*** Supplied data Section Begins ***

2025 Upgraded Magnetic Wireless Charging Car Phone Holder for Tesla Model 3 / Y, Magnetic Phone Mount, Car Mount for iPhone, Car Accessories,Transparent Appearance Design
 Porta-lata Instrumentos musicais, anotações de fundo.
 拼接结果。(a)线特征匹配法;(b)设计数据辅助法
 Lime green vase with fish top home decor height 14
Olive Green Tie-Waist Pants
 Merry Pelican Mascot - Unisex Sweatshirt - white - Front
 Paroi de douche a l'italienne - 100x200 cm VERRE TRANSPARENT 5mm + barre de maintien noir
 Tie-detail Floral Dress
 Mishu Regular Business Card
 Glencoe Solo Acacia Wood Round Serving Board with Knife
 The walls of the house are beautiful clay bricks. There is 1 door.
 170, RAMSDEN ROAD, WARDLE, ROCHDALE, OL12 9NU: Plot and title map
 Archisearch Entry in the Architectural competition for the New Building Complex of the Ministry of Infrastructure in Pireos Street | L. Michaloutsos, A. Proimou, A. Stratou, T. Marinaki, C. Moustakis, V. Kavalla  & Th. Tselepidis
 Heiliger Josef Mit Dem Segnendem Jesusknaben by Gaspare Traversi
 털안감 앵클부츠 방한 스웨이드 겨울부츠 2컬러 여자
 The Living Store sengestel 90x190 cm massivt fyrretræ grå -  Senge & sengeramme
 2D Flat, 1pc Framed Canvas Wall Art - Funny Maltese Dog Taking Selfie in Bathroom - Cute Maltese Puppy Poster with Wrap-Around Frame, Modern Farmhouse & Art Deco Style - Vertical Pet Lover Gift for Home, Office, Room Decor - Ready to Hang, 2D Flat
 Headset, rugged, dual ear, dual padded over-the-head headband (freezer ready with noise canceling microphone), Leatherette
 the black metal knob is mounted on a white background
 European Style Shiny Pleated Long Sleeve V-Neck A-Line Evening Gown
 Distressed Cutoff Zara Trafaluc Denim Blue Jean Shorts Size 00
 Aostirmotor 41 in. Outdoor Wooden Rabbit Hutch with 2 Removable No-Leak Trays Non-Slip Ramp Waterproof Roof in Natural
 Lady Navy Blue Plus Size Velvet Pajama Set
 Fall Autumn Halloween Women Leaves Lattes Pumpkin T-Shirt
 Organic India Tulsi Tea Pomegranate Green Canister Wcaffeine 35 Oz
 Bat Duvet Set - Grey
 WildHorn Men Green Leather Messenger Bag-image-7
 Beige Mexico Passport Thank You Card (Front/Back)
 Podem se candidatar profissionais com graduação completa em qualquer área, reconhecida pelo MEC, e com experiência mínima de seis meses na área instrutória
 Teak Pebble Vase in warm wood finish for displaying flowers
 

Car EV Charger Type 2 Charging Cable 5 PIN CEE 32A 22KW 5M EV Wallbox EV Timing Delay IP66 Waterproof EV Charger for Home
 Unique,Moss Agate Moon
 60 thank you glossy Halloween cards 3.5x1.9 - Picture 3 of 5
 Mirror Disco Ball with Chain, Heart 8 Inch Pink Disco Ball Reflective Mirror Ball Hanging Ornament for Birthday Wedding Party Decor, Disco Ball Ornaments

*** Supplied data Section Ends ***

- What this task involves
Nothing but the lines from the one holding "Fall Autumn Halloween" to the end of the entries should be output, each exactly as it appears.

- Task solution
 Fall Autumn Halloween Women Leaves Lattes Pumpkin T-Shirt
 Organic India Tulsi Tea Pomegranate Green Canister Wcaffeine 35 Oz
 Bat Duvet Set - Grey
 WildHorn Men Green Leather Messenger Bag-image-7
 Beige Mexico Passport Thank You Card (Front/Back)
 Podem se candidatar profissionais com graduação completa em qualquer área, reconhecida pelo MEC, e com experiência mínima de seis meses na área instrutória
 Teak Pebble Vase in warm wood finish for displaying flowers
 

Car EV Charger Type 2 Charging Cable 5 PIN CEE 32A 22KW 5M EV Wallbox EV Timing Delay IP66 Waterproof EV Charger for Home
 Unique,Moss Agate Moon
 60 thank you glossy Halloween cards 3.5x1.9 - Picture 3 of 5
 Mirror Disco Ball with Chain, Heart 8 Inch Pink Disco Ball Reflective Mirror Ball Hanging Ornament for Birthday Wedding Party Decor, Disco Ball Ornaments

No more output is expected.